*Prompt*. Output all of the data exactly as it appears, but leave out any pictures it contains.

*Source material*.
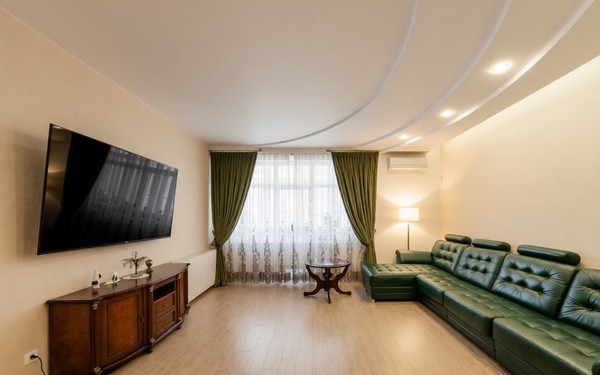 Продам трехкомнатную (3-комн.) квартиру, им. Дзержинского ул, 8/2, Краснодар г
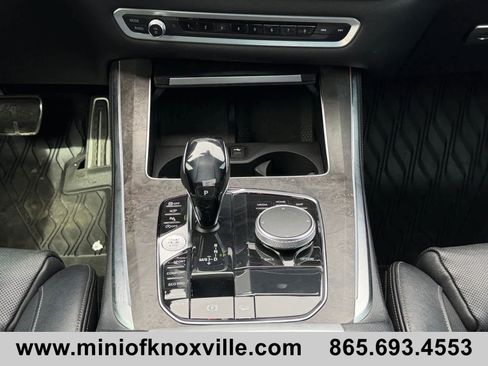 Used 2019 BMW X5 xDrive50i w/ M Sport Package image 24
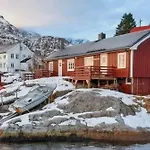 Lofoten Og Rorbuer Alojamento de Turismo Selvagem *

*Task response*.
 Продам трехкомнатную (3-комн.) квартиру, им. Дзержинского ул, 8/2, Краснодар г
 Used 2019 BMW X5 xDrive50i w/ M Sport Package image 24
 Lofoten Og Rorbuer Alojamento de Turismo Selvagem *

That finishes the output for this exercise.